DATASET CONTENT:
◇ ◇ ◇ ◇ ◇

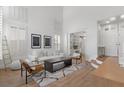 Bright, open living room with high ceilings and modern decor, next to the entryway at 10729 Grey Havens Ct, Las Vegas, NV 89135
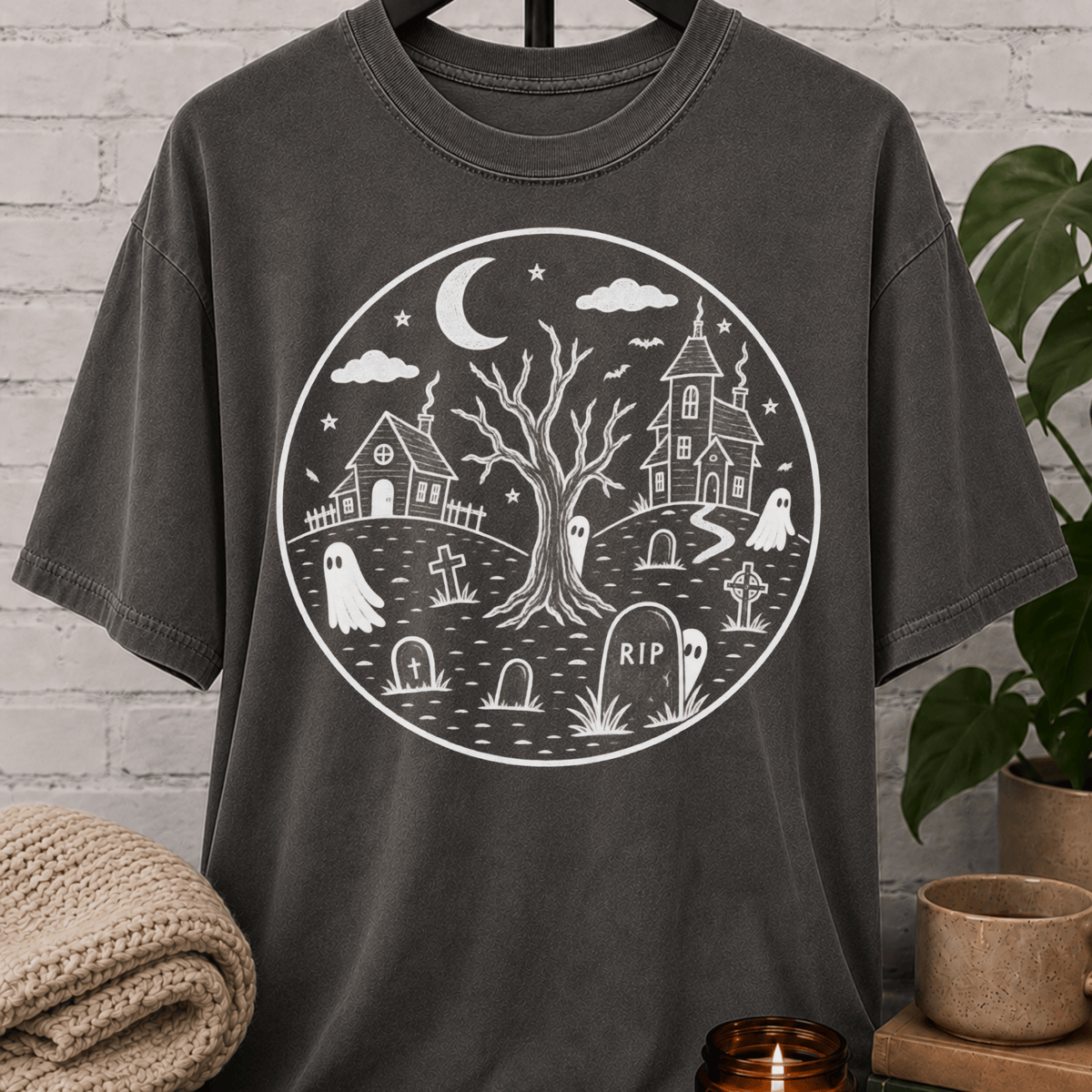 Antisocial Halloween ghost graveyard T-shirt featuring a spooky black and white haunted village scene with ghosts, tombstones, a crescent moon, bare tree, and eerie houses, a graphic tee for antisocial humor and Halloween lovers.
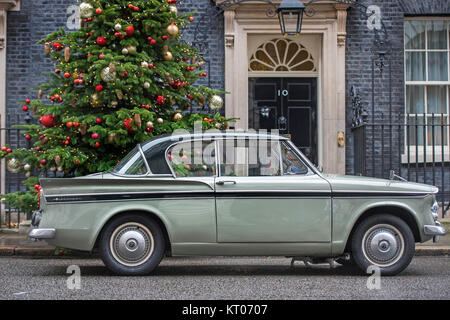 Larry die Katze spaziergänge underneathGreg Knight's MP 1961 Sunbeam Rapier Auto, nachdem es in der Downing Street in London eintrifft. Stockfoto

◇ ◇ ◇ ◇ ◇

EXERCISE OBJECTIVE: Look above for the line containing "Antisocial Halloween ghost"; output that line and all lines after it through the last one exactly, without the pictures.

RESPONSE TO THE TASK:
 Antisocial Halloween ghost graveyard T-shirt featuring a spooky black and white haunted village scene with ghosts, tombstones, a crescent moon, bare tree, and eerie houses, a graphic tee for antisocial humor and Halloween lovers.
 Larry die Katze spaziergänge underneathGreg Knight's MP 1961 Sunbeam Rapier Auto, nachdem es in der Downing Street in London eintrifft. Stockfoto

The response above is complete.